* **DIRECTIONS FOR THIS TASK**
Given these entries, repeat exactly the lines starting with the one that has "Conjunto patchwork personalizado" and going on through the one that has "किच्छा के संजय", both included, but none of the pictures.

* **DATASET RECORDS**
+ + + + +

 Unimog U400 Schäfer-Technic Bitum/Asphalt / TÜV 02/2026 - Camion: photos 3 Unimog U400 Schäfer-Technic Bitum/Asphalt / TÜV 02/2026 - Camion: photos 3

+ + + + +

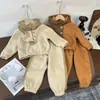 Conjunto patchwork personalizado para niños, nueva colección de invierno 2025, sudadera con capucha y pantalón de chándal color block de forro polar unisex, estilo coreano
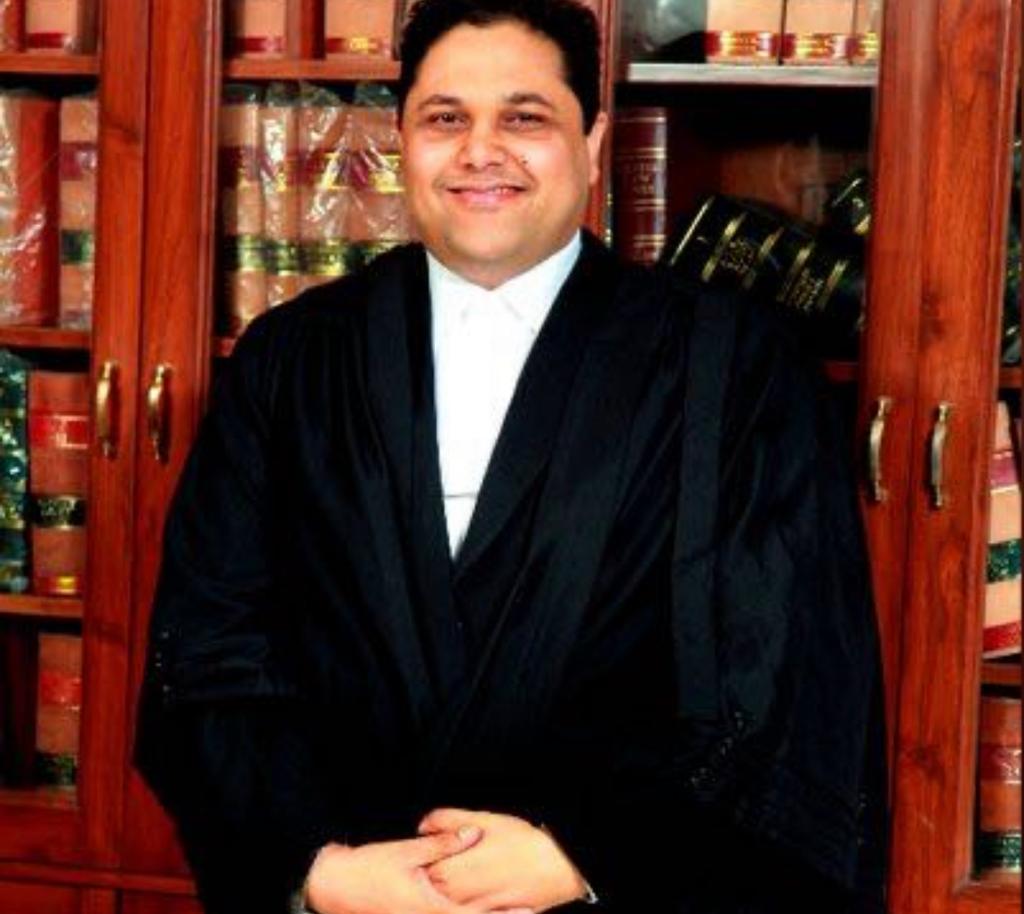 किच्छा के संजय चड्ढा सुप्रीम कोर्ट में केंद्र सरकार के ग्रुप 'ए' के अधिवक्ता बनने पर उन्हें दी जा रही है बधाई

+ + + + +

* **OUTPUT FOR THIS TASK**
 Conjunto patchwork personalizado para niños, nueva colección de invierno 2025, sudadera con capucha y pantalón de chándal color block de forro polar unisex, estilo coreano
 किच्छा के संजय चड्ढा सुप्रीम कोर्ट में केंद्र सरकार के ग्रुप 'ए' के अधिवक्ता बनने पर उन्हें दी जा रही है बधाई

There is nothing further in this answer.